Cette étude démontre que les Israéliens ne remettent jamais en cause la version de l'histoire donnée par leurs dirigeants. Plus de 50 % d'entre eux pensent que le plan de partage des Nations unies en 1947 a offert aux Palestiniens une part égale voire supérieure à celle des juifs alors que ces derniers étaient 600 000 et les Palestiniens 1,3 million. "Les Israéliens pratiquent l'autocensure et acceptent la version officielle sans chercher à recouper les informations. Nous sommes une nation qui vit dans le passé, envahie par l'anxiété et souffrant d'un manque chronique d'ouverture d'esprit", analyse Daniel Bar-Tal.

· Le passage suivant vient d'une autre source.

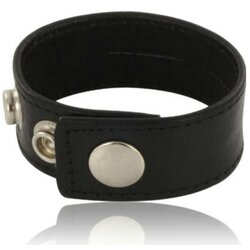 LEATHER BODY COCK AND BALL STRAP WITH SNAPS - BLACK Cene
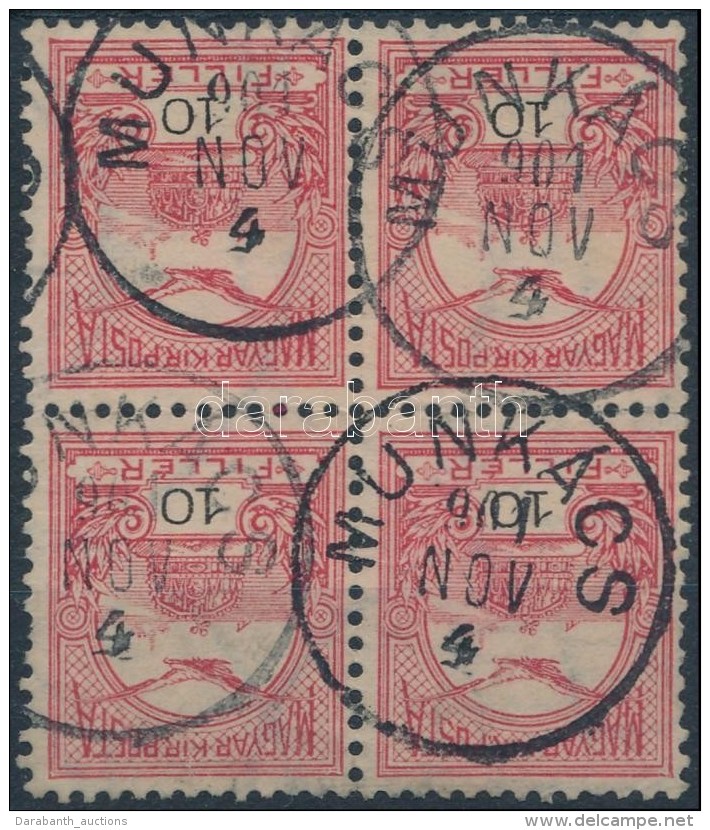 O 1900 Turul 10f Négyestömb / Mi 60 Block Of 4 'MUNKÁCS' - Otros & Sin Clasificación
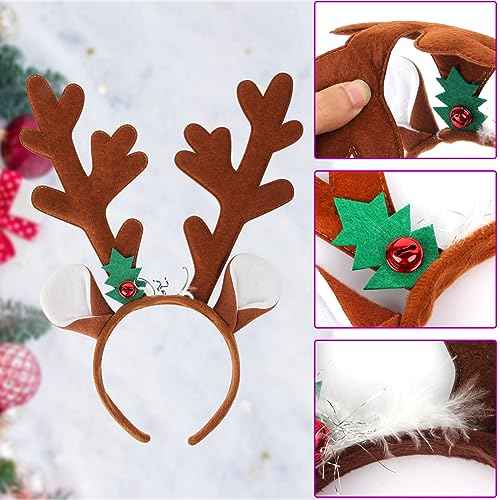 2Pcs Christmas Headband Antlers Reindeer Headband Antlers Hair Hoop Headpiece for Christmas Easter Halloween Party(Dark Brown Light Brown)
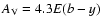 $A_{\rm V}=4.3 E(b-y)$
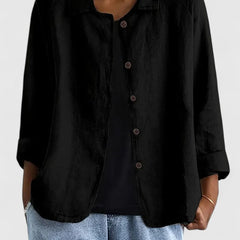 Women's Loose Fit Button-Up Top - Versatile Layering Piece | Autumn - Black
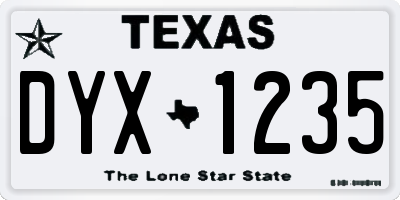 TX license plate DYX1235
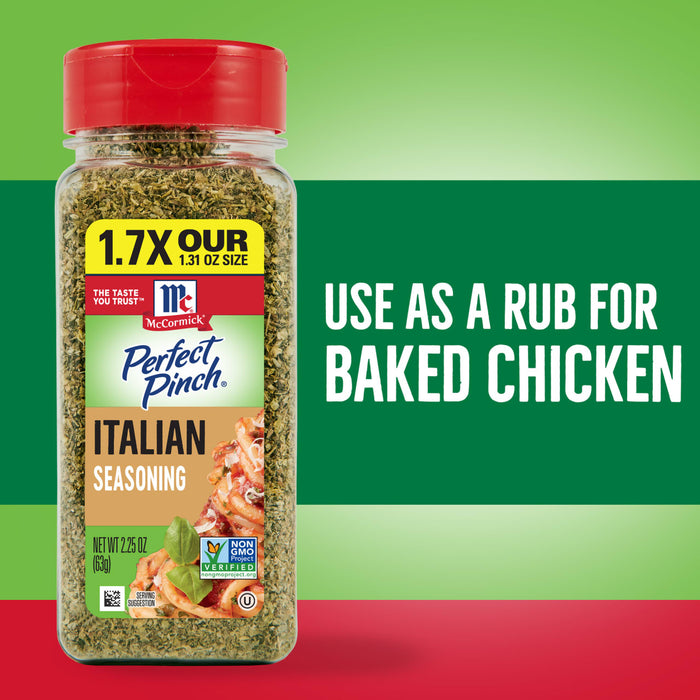 McCormick Perfect Pinch Italian Seasoning is recommended as a rub for baked chicken.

Dans ces conditions, les perspectives de paix s'avèrent particulièrement réduites. Il suffit d'un voyage au pays des colons pour se rendre compte à quel point juifs et Palestiniens vivent dans des mondes de plus en plus séparés et isolés. Judith Lowy par exemple, résidant dans l'implantation de Tekoa, au sud de Bethléem, est convaincue de faire partie d'une avant-garde chargée de protéger Israël.

C'est pour cela qu'elle a choisi de vivre dans cet endroit reculé avec 2 000 colons afin "de construire quelque chose", d'être aux avant-postes face "aux Arabes qui veulent notre disparition". Pour elle, le seul problème de Tekoa est de savoir "s'il faut laisser les chiens baguenauder comme ils veulent". Elle ne parle que des Arabes en général. Les Palestiniens n'existent pas. Judith "ne fait pas de politique". Elle dit simplement : "Cette terre nous a été volée et nous nous battrons pour la conserver."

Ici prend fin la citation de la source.